Essentially, Britain is in need of higher productivity and capital investment where companies would have more funds to invest in capital or R&D, while the lower rate raises the profile of the UK as an investment destination.

 

Analyses also underline that while the UK economy has been recovering (sort of) from the effects of the COVID-19 pandemic and the markets have responded positively to Rishi Sunak’s arrival in Downing Street, labour market participation remains a structural problem. The UK’s workforce has been rising since over the last decade despite the ageing population but is currently 520,000 people fewer than the forecasts of the Office for Budget Responsibility (OBR).

 

The European Economic Policy Committee lists the antidote to labour participation as a dependancy on ‘enhancing employment opportunities by fostering both the demand and supply for labour’. Therefore, efficient product and services markets under favourable macroeconomic conditions are critical for both boosts in employment and participation to the labour force.

 

Bearing in mind that most newly-launched businesses and start-ups will still benefit from the 19% Corporation Tax rate, Britain needs all the help it can get from a wider pool that does not strictly rely on the domestic talent.

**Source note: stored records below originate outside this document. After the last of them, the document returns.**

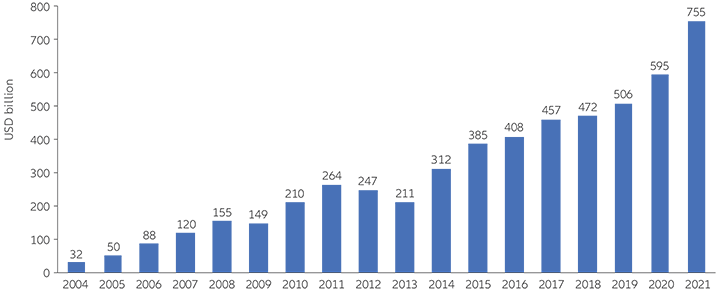 Graphique 2 : Investissements internationaux dans la transition énergétique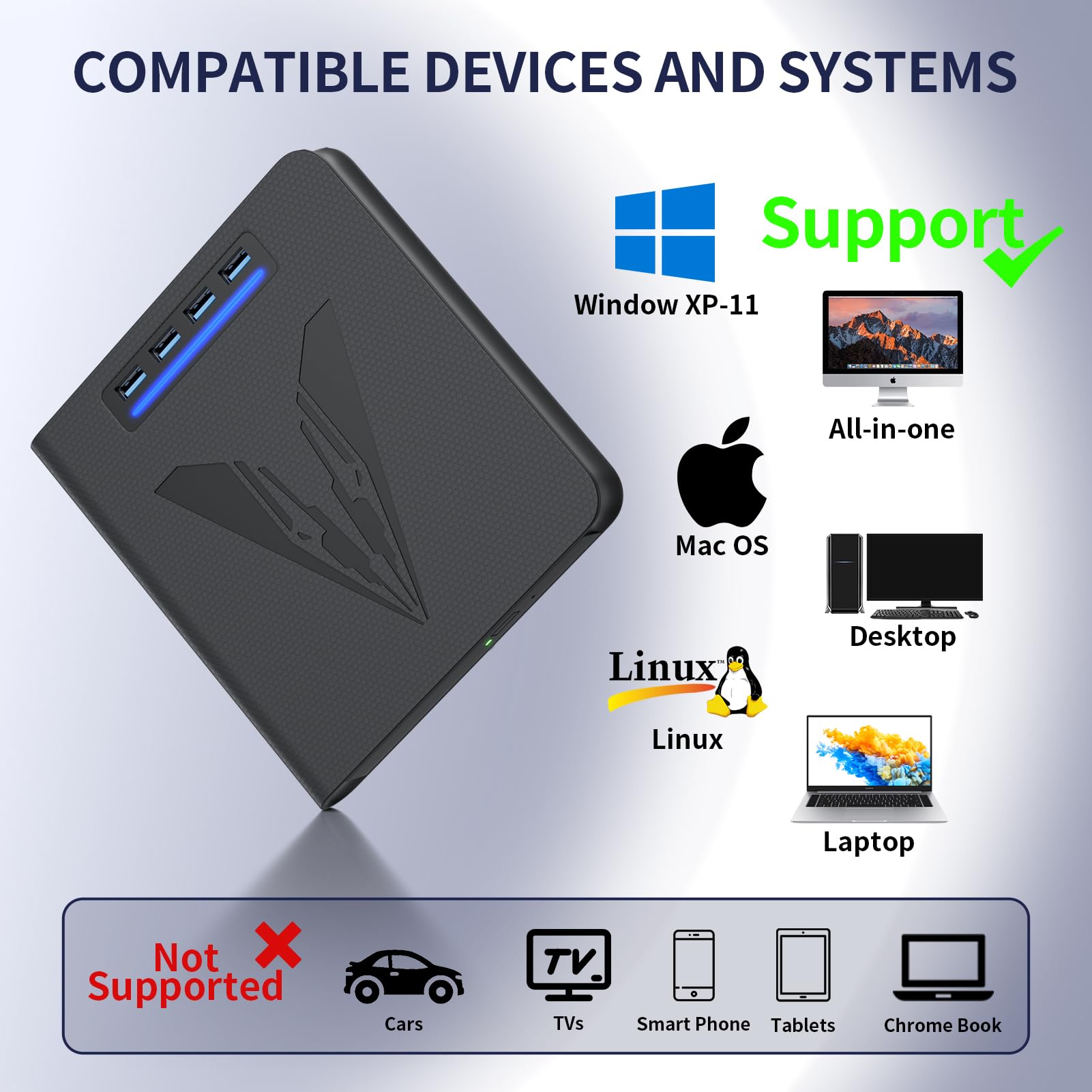 Lecteur Blu-ray externe 7 en 1 et graveur pour PC portable, graveur Blu-ray DVD CD avec support disque BD 100 Go, lecteur de carte SD/TF intégré et hub USB 3.0, compatible avec Windows MacOS Linux, 7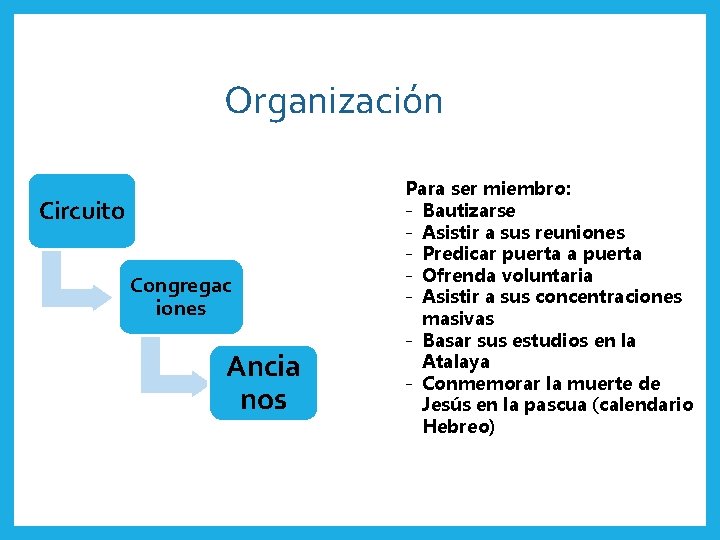 Organización Circuito Congregac iones Ancia nos Para ser miembro: - Bautizarse - Asistir a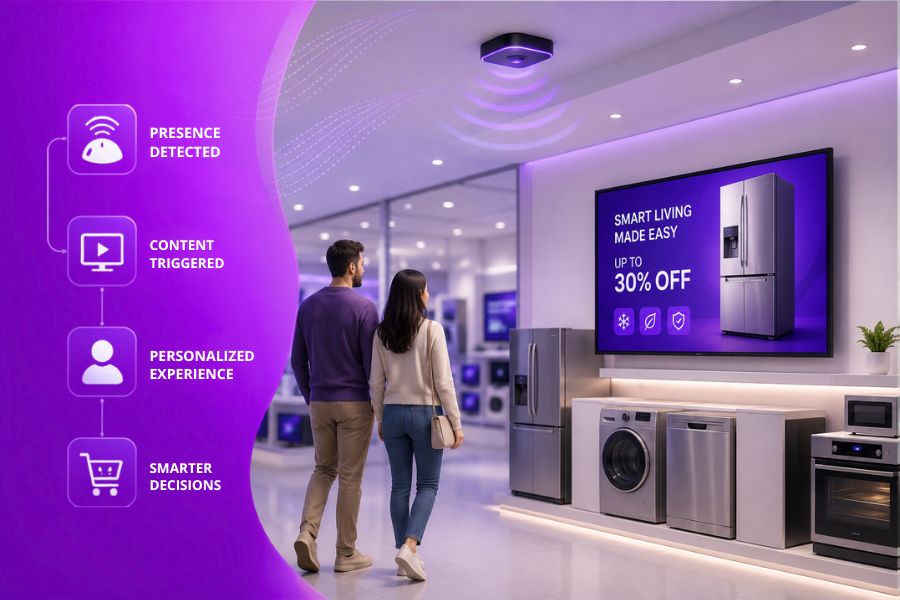 How does AI optimize the content displayed on signage?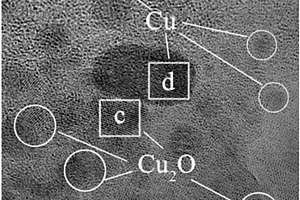 还原氧化石墨烯/Cu2O/Cu量子点三元吸波材料的制备方法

In fact, a recent YouGov poll revealed that close to half of Britons thought there was too much immigration, against a majority that wanted more foreign doctors, care workers, farmers, builders, and waiters in the workforce. These needs can further be corroborated from the Government’s perspective where the need for certain occupation groups is still prevalent:

In Closing

The spring budget seems to have struck a delicate balance between fiscal responsibility and supporting growth. With a sprinkle of tax relief here, a dollop of investment there, and a generous helping of infrastructural improvement, Jeremy Hunt’s budgetary recipe will hopefully satisfy the taste buds of the UK’s economic as well as workforce palate.

 

While no one expects the British economy to turn into a turbo-charged, rocket-propelled juggernaut overnight, the Chancellor’s optimism has brought a refreshing sense of hope to the dreary post-Brexit landscape. Indeed, the UK appears to be shedding its cocoon of uncertainty and is poised to flutter toward a brighter economic future – just in time for the summer season.

 

Of course, as with any economic plan, there’s always the potential for a few unexpected bumps in the road – or, in the case of the UK, perhaps more potholes than we’d care to admit. However, we must hope that this will begin a promising new chapter in UK’s history and that it ushers in an era of prosperity, innovation, and a future where the only thing more reliable than the UK’s business environment is its bad weather.